- Also known as: Keith Lemon's Through the Keyhole
- Genre: Comedy; Panel show;
- Created by: Kevin Sim
- Presented by: Sir David Frost; Leigh Francis;
- Country of origin: United Kingdom
- Original language: English
- No. of series: 8 (ITV); 1 (Sky One); 9 (BBC); 6 (Revival);
- No. of episodes: 115 (ITV); 42 (Sky One); 314 (BBC); 47 (Revival);

Production
- Production locations: The Leeds Studios (1987–2008); Pinewood Studios (2013–2018); BBC Elstree Centre (2018–2019);
- Running time: 30 minutes (1987–2006); 45 minutes (2007–2008); 60 minutes (2013–2019);
- Production companies: Yorkshire Television (1987–1995); Paradine Productions (1996–2008); Talkback (2013–2019);

Original release
- Network: ITV
- Release: 3 April 1987 – 1 May 1995
- Network: Sky One
- Release: 22 February – 23 December 1996
- Network: BBC One
- Release: 5 May 1998 – 2 August 2004
- Network: BBC Two
- Release: 27 February 2006 – 4 June 2008
- Network: ITV
- Release: 31 August 2013 – 23 February 2019

= Through the Keyhole =

British comedy panel show (1987–2019)

Through the Keyhole is a British comedy panel game show created by the television producer Kevin Sim and originally presented by Sir David Frost in the studio and Loyd Grossman on location. The location presenter explores celebrities' houses and a panel of other celebrities in the studio try to guess who the famous homeowner is.

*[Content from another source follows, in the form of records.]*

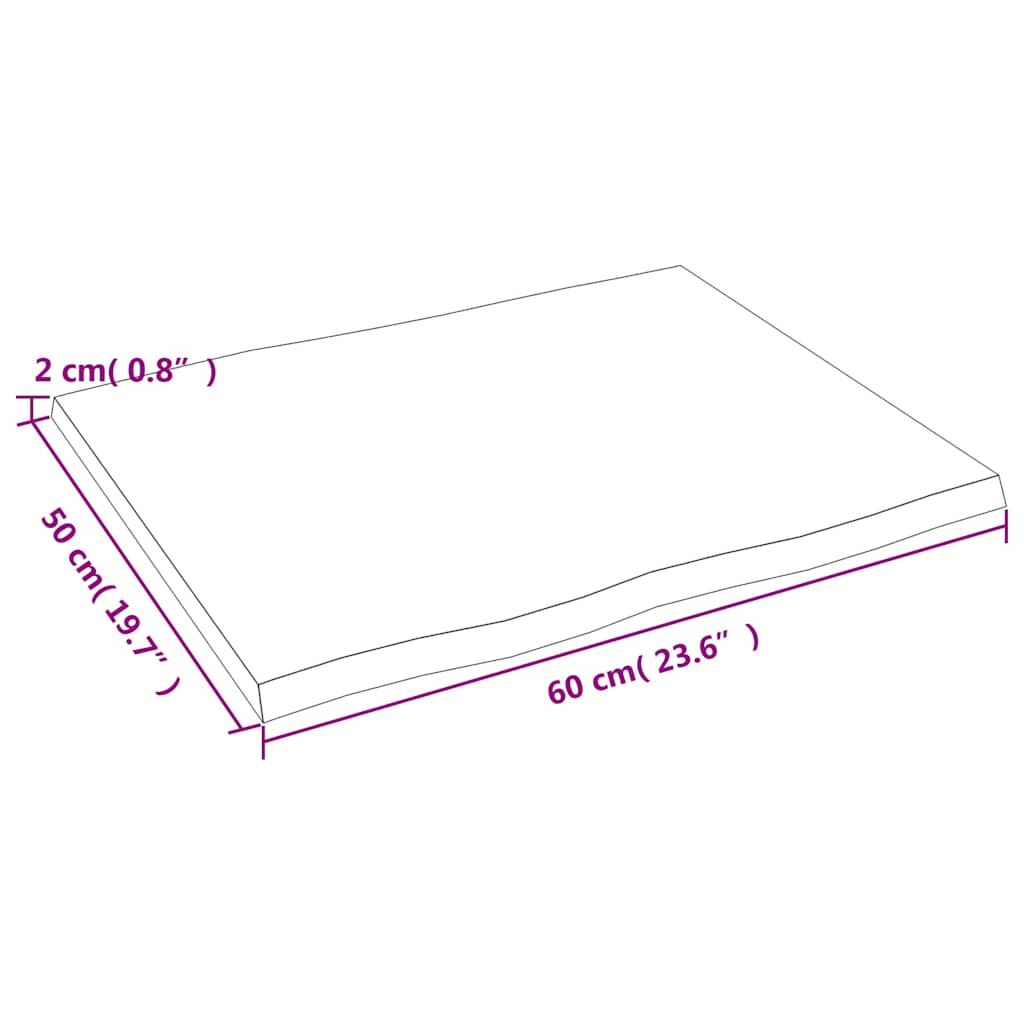 Kezelt világosbarna tömör tölgyfa asztallap 60x50x2 cm 7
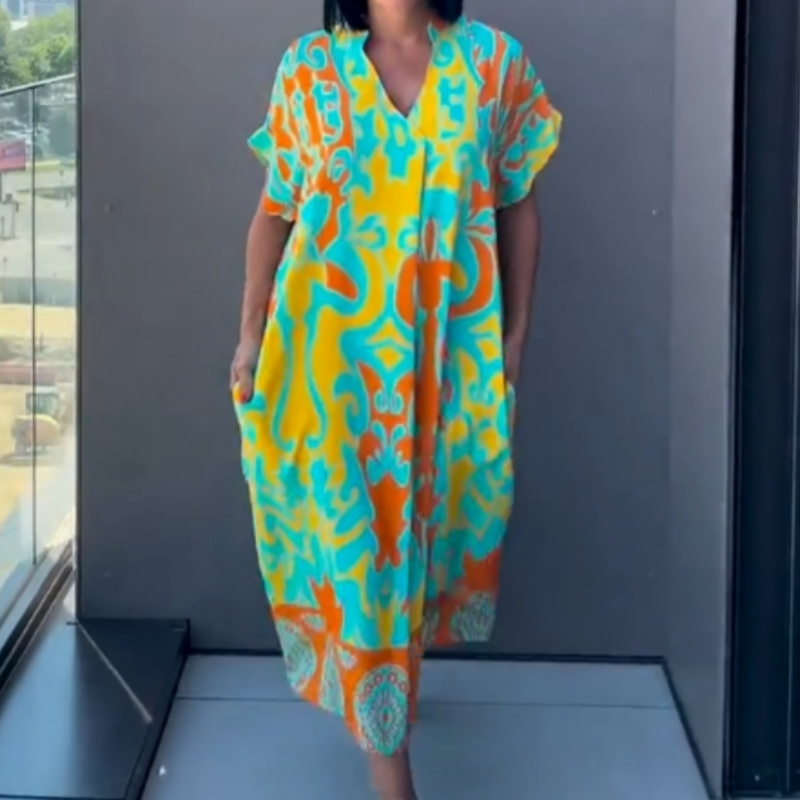 🌸Ανοιξιάτικες προσφορές💐 Γυναικείο casual κομψό τυπωμένο φόρεμα με V-λαιμό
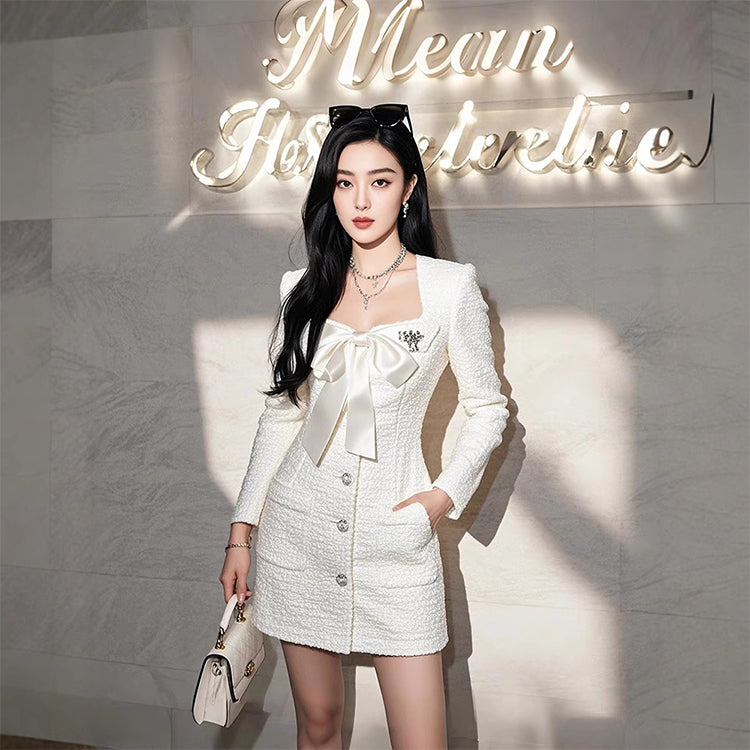 Birthday party small dress skirt high-end light luxury niche formal occasion bow white dress R1773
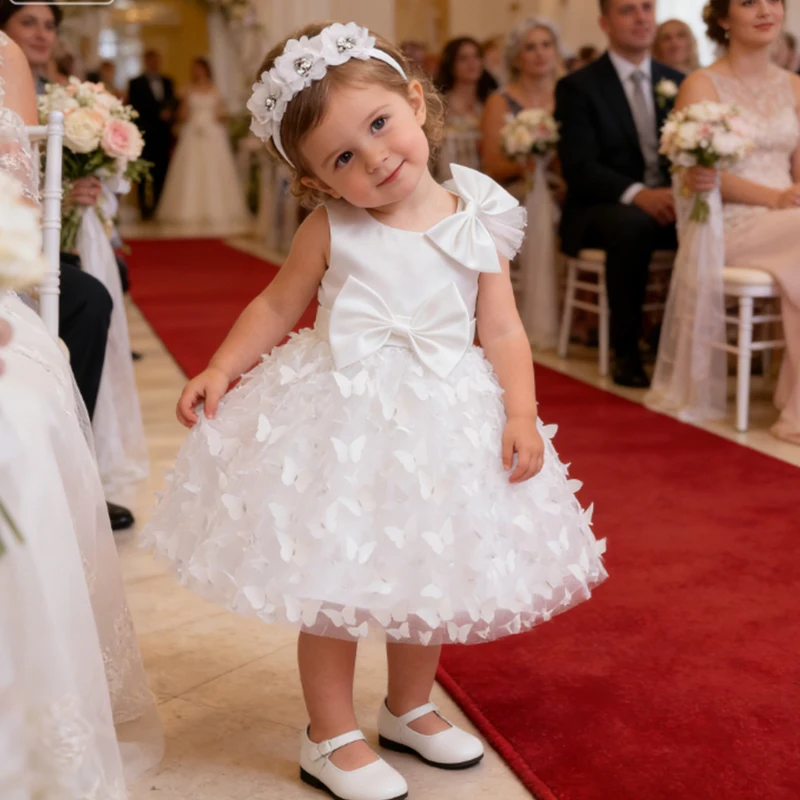 Kid Eid White Butterfly Wedding Newborn Baby Baptism Clothes Big Bow Lace Princess Dress 1st Birthday Party Dress For Baby Girls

The show was originally produced by Yorkshire Television and was broadcast on ITV from 3 April 1987 to 1 May 1995, then on Sky One from 22 February to 23 December 1996 before moving to BBC One from 5 May 1998 to 2 August 2004 and its sister channel BBC Two from 27 February 2006 to 4 June 2008.

In 2013, the show was revived for ITV with Leigh Francis as the host. In February 2020, it was reported that the programme had been cancelled after six series.

==History==
===Original series===
Through the Keyhole originally started as a segment on TV-am, first being broadcast on its launch day on 1 February 1983. The idea was created by Kevin Sim as a chance to look around some of the most influential homes with Grossman at the helm as the tour presenter. Grossman was mistakenly given the job after someone had confused him with another journalist. It became a regular feature of TV-am throughout 1983 until May 1985.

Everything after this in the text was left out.